On March 2, 2018, the court conducted a preliminary and detention hearing in compliance with Fed. R. Crim. P. 5.1, Fed. R. Crim. P. 32.1 and 18 U.S.C. § 3141 et seq. For the reasons set forth below, the court finds that the government established probable cause to believe that Mr. Dones failed to register as a sex offender and as to the additional violations of conditions of supervised release alleged in the Petition.

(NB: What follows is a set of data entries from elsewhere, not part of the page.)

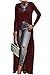 Aifer Women Sexy Long Sleeve Open Front Split Maxi Dress Tunic Tops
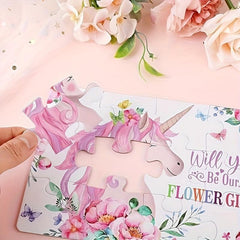 Wedding Puzzle Invitation Novel Style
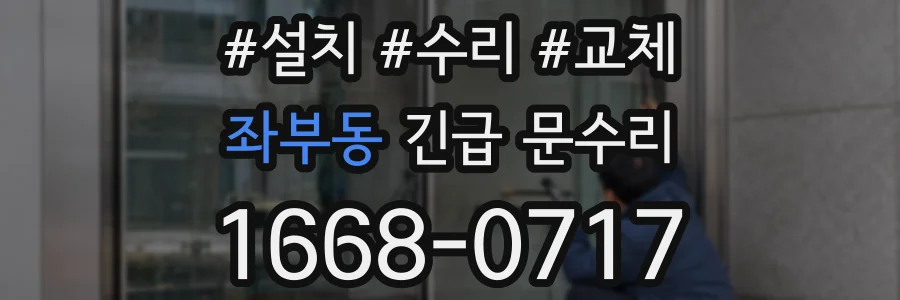 좌부동 긴급 문수리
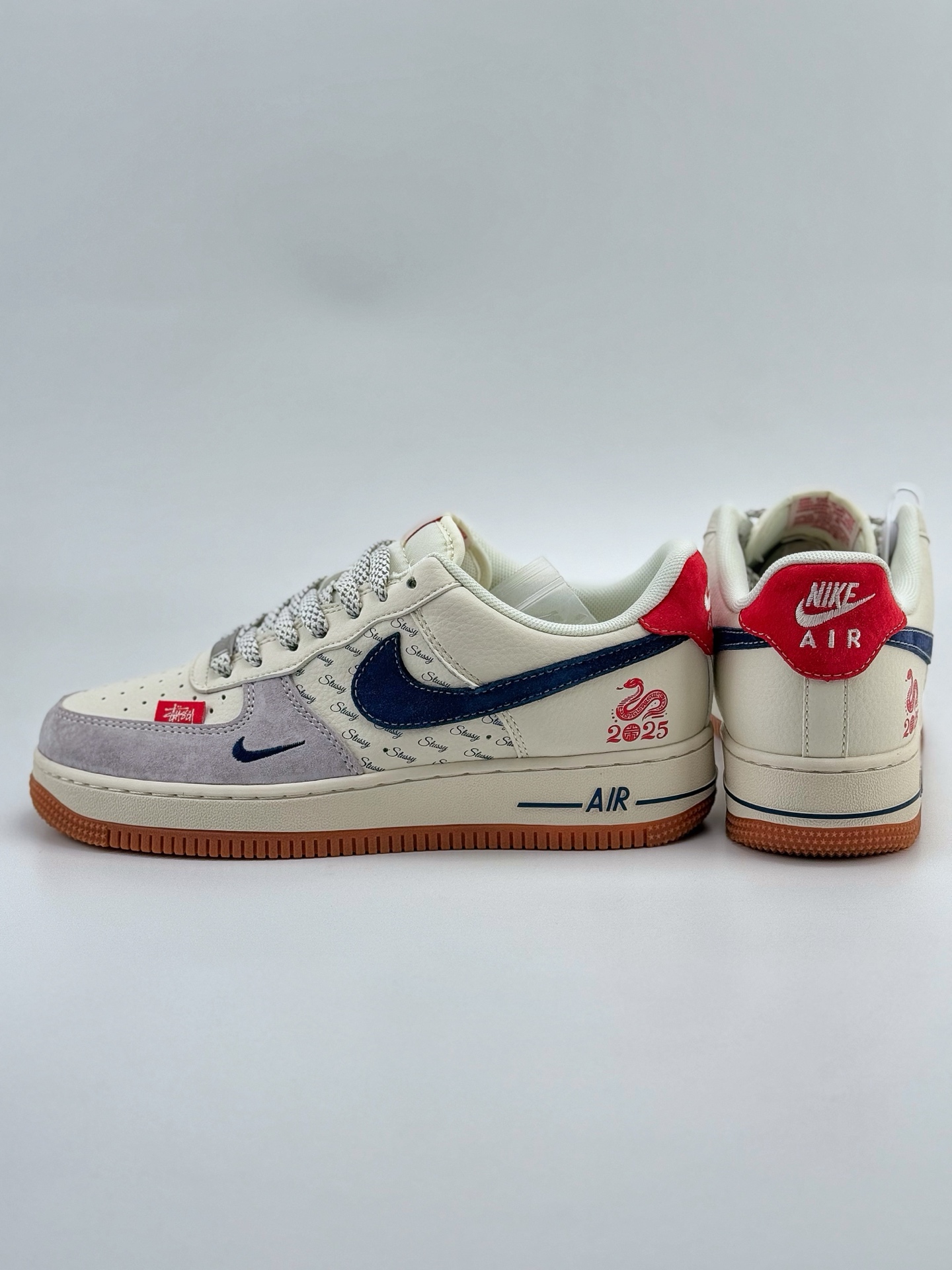 Nike Air Force 1 Low 07 x Stussy 蛇年限定 白灰蓝小钩满天星  XS1958-502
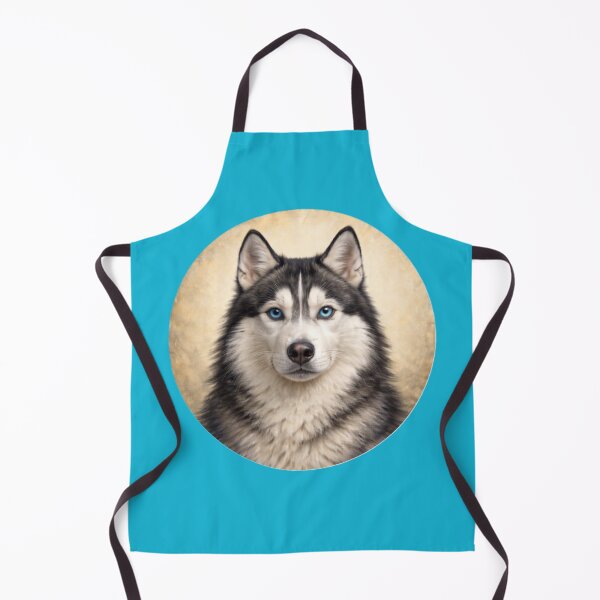 Item preview, Siberian Husky Arctic Focus – Realistic Dog Circle Art designed and sold by TheJoyfulPen.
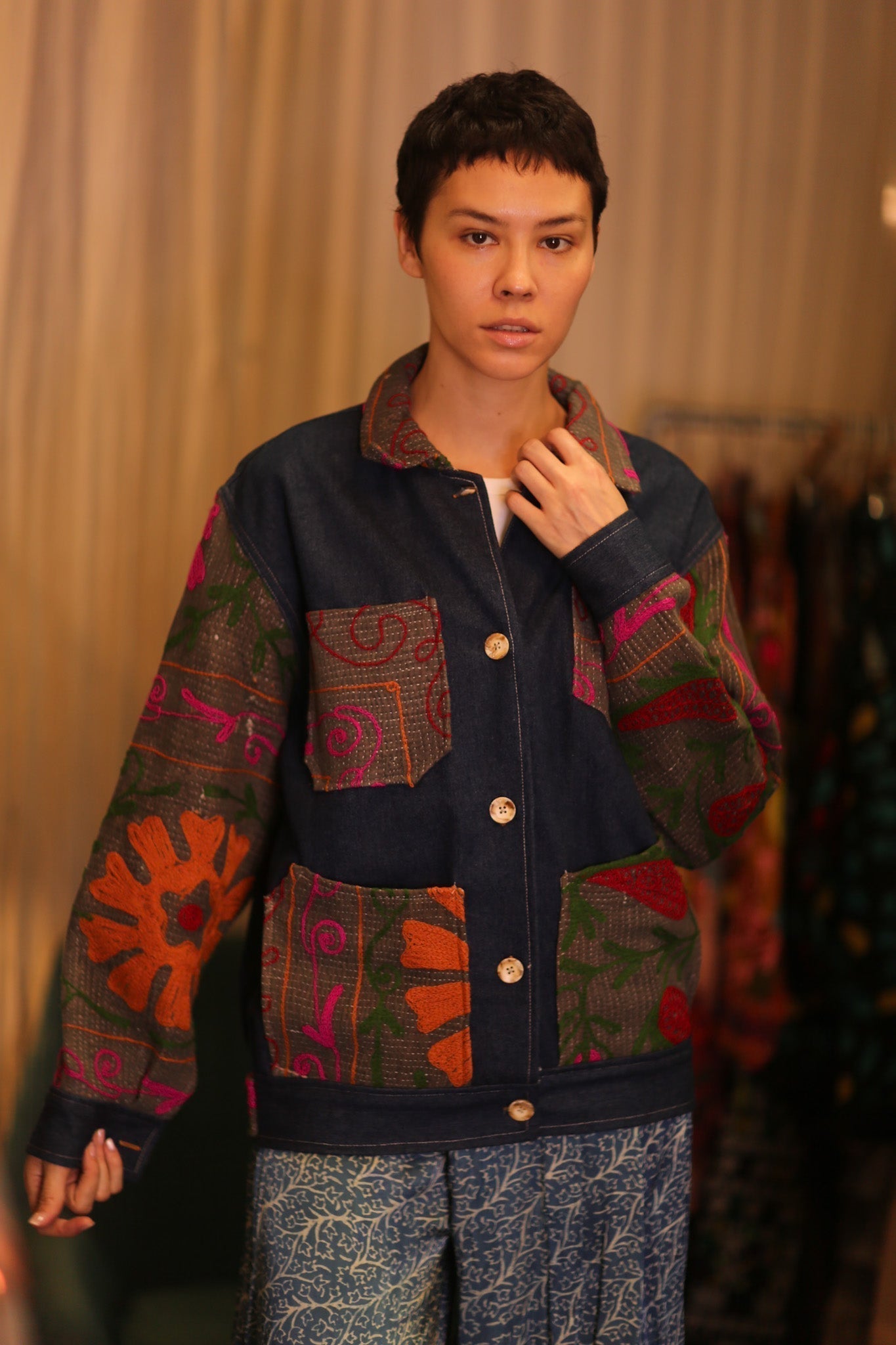 DENIM JACKET PATCHWORK MULA - MOMO STUDIO BERLIN - Berlin Concept Store - sustainable & ethical fashion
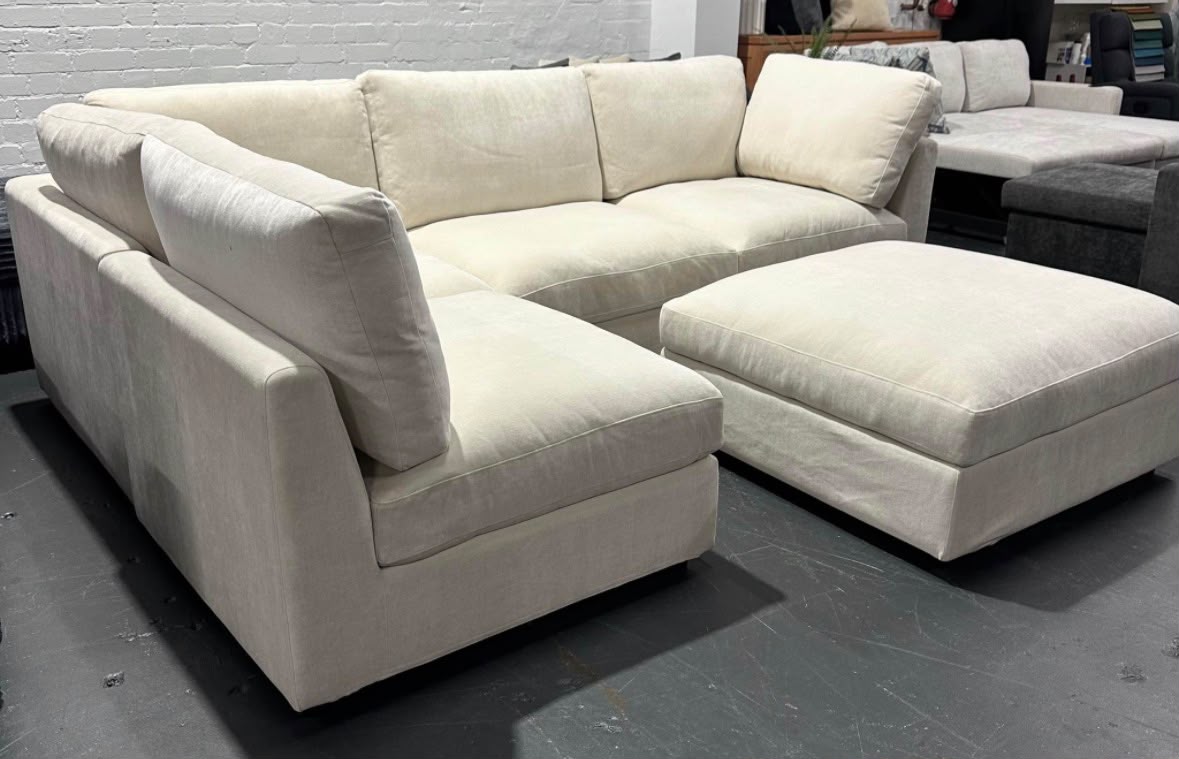 Brand New Cream Wonda Modular Sofa – Limited Stock ✨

Pursuant to 34 U.S.C. § 20913, the federal statute which governs registry requirements for sex offenders, "[a] sex offender shall, not later than 3 business days after each change of name, residence, employment, or student status, appear in person in at least 1 jurisdiction [where the offender resides, is an employee, or is a student] and inform that jurisdiction of all changes in the information required for that offender in the sex offender registry." For purposes of sex offender registration, "[t]he term `resides' means, with respect to an individual, the location of the individual's home or other place where the individual habitually lives." 34 U.S.C. § 20911(13). An individual violates the SORNA registration requirements when he or she is required to register, travels in interstate commerce, and subsequently knowingly fails to register or update a registration as required by the Act. See U.S. v. DiTomasso, 621 F.3d 17, 19-20 (1st Cir. 2010), judgment vacated on other grounds 132 S.Ct. 1533 (2012) (SORNA imposes criminal penalties when a person required to register under SORNA knowingly fails to register after traveling in interstate commerce); U.S. v. Bruffy, 466 Fed. Appx. 239, 241 (4th Cir. 2012) (unpublished). The federal requirements for sex offender registration are independent of state sex offender registration requirements. See U.S. v. Thompson, 431 Fed. Appx. 2, 3 (1st Cir. 2011) (unpublished).
There is no dispute that Mr. Dones is required to register as a sex offender and there is ample evidence that he was notified of his registration obligations under SORNA, including in the judgment of conviction entered by District Judge Mastroianni in June 2016, which was signed by Mr. Dones in May 2017 (Exh. 2 at 8). Indeed, in the statement Mr. Dones gave when he was arrested in Schenectady on January 10, 2018, he admitted that he knew he had to keep his registration current if he "move[d] someplace else (Exh. 5). He told the police he was "planning on letting someone know [he] was in town but [he] was waiting to get more established and have [his] own place" (id.). The question is whether there is probable cause to find that Mr. Dones traveled from Massachusetts to New York, then failed to update his sex offender registration within three business days of a change in his residence. See 34 U.S.C. § 20913(c); see also Thompson, 431 Fed. Appx. At 2 (interstate travel and subsequent failure to register comprise elements of the offense). There is sufficient evidence to support such a finding.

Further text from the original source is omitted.